What distinguishes history from bigotry

December 22, 2014 01:20 am | Updated 01:20 am IST

CHENNAI, 16/10/2014: A.S. Panneerselvan, The Hindu Readers' Editor. Photo: V.V.Krishnan

CHENNAI, 16/10/2014: A.S. Panneerselvan, The Hindu Readers' Editor. Photo: V.V.Krishnan

In our school days, we have read the story of the Scottish King, Robert the Bruce, who, inspired by a spider’s relentless attempt to weave a web, gained confidence to come back after six consecutive losses to wage a war against the King of England and regain his land. But what happens if untiring pursuit is taken up by a small set of people who were inspired by Joseph Goebbels’ dictum: “The most brilliant propagandist technique will yield no success unless one fundamental principle is borne in mind constantly — it must confine itself to a few points and repeat them over and over.”

My office gets mails from the likes of Robert the Bruce as well as Joseph Goebbels. The former helps to correct mistakes, make amends, effect course correction, and keep the newspaper’s status as the repository of records intact. The latter expects the paper to give space for tall claims and misplaced national pride at the cost of truth. They think their tireless spamming will intimidate scholars from speaking their mind.

This disturbing phenomenon is growing in its reach not just in India but also in Turkey and Japan, where the notion of national pride is used to obfuscate facts and peddle an artificial construct as organic history that fails to meet rigorous scrutiny. History should be based on credible sources, the selection of particular details from authentic materials in those sources, and the synthesis of those details into a narrative that stands the test of critical examination. The Hindu always strives to make a distinction between myths, legends and history.

Facts and dissent The supporters of Prime Ministers Shinzo Abe and Narendra Modi and President Recep Tayyip Erdogan are distressingly similar in their approach to facts and opposition to dissent and reason. They do not think twice before unleashing vitriolic assault where truth becomes the first casualty. “ >Overturning Ataturk’s legacy ” (December 13, 2014, Comment page) gives us a clear idea of what is happening in Turkey.

A recent report in The Economist , “History is haunting Shinzo Abe,” is a grim reminder of what will happen to truth and history if newspapers cave in under the pressure of the political Right. The Economist wrote: “In August, the liberal Asahi Shimbun admitted running stories based on discredited testimony by a former Japanese soldier who said he had corralled Korean women into wartime military brothels. Last week, the Asahi ’s conservative arch-rival, Yomiuri Shimbun , said sorry to its 10 million readers for using the term “sex slaves” in many articles about so-called comfort women since 1992.” But this retraction is not about getting the facts right and setting the records straight.
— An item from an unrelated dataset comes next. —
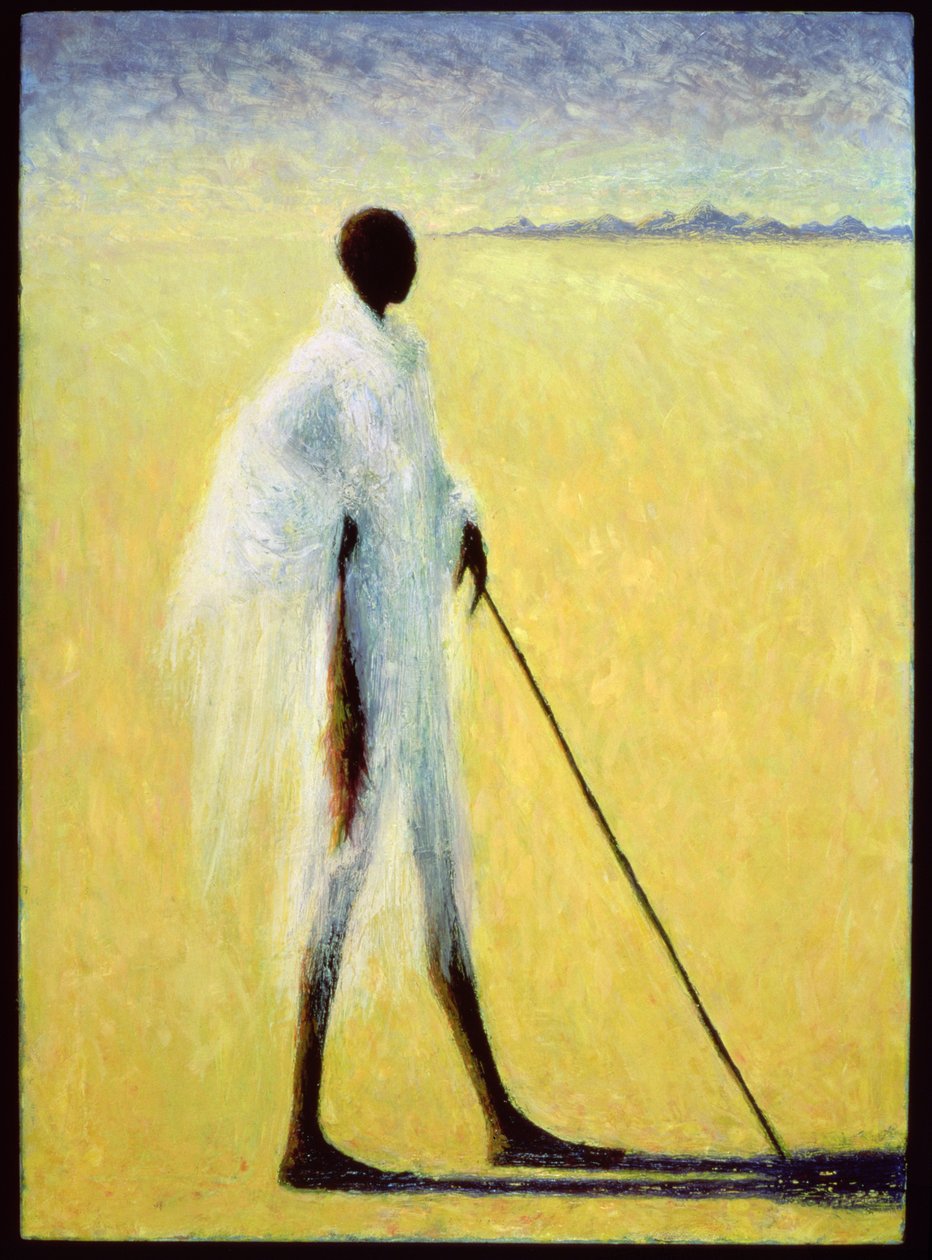 Uzun Gölge, 1993 by Tilly Willis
It is a meek acceptance of the diktat of the ruling political Right and an act of denying history. United Nations’ special rapporteur on violence against women, Radhika Coomaraswamy, has given an authoritative report in 1996 on the comfort women. She documented how during World War II, imperial Japan forced women and girls into sexual slavery.

In India, we see a similar trend gaining currency and it is imperative to counter it in its infancy rather than permit it to grow and undermine the wellspring of knowledge, governance and multiple cohabitations of various religious, linguistic and ethnic groups. In October this year, Prime Minister Narendra Modi said: “We can feel proud of what our country achieved in medical science at one point of time. We all read about Karna in Mahabharat. If we think a little more, we realise that [the] Mahabharat says Karna was not born from his mother’s womb. This means that genetic science was present at that time. That is why Karna could be born outside his mother’s womb… We worship Lord Ganesh. There must have been some plastic surgeon at that time who got an elephant’s head on the body of a human being and began the practice of plastic surgery.”
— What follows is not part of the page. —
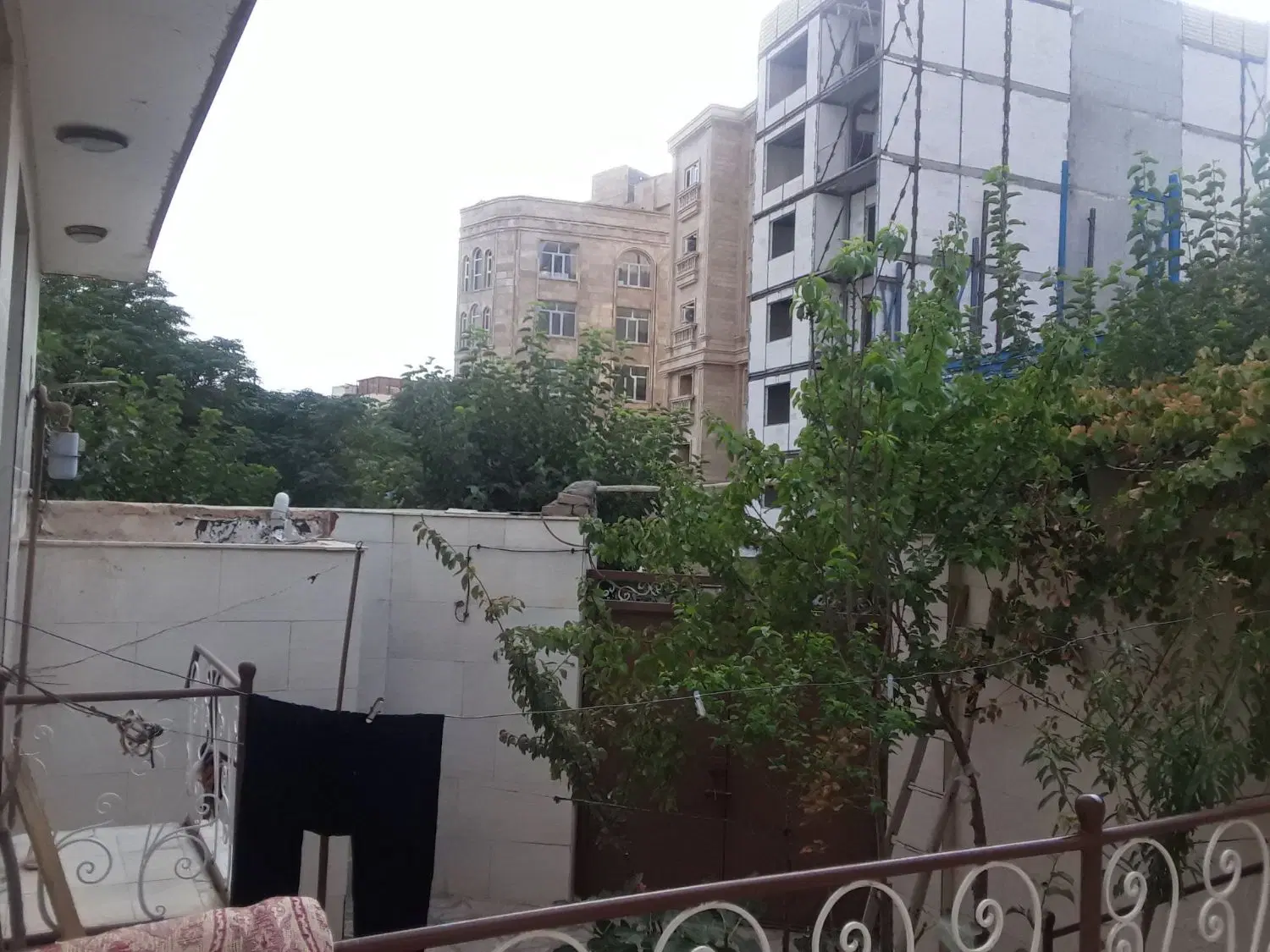 خانه ویلایی در ۴۵ متری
Perils of mixing myths and knowledge It was natural that many scholars found this assertion problematic and questioned the veracity of the statement. This paper carried critical pieces in its Editorial and Comment sections by eminent writers that included historian Romila Thapar, journalist Karan Thapar, physicist Vikram Soni, molecular biologist D. Balasubramanian and sociologist Shiv Visvanathan.

These articles tried to give us a fair perspective. Not one tried to deny the existence of traditional knowledge systems in India. They were not polemics about either Indian knowledge systems or western knowledge systems. They were about the danger of mixing myths and knowledge systems. They were about history and what distinguishes it from bigotry. They were about what constitutes the past and how to protect one’s legacy from falsification and spin doctoring. However, a handful of readers reduced these studious arguments to a lack of national pride, an unwillingness to acknowledge India’s glorious past and some sort of sycophancy towards western knowledge systems.

So far Indian media, by and large, has desisted from going the Japanese way. But these Goebbels-inspired warriors hope that their relentless efforts will end up in rewriting history. This paper has more Bruce-like readers who would ensure that the space for reason and moderation would not be replaced by illiberal rants.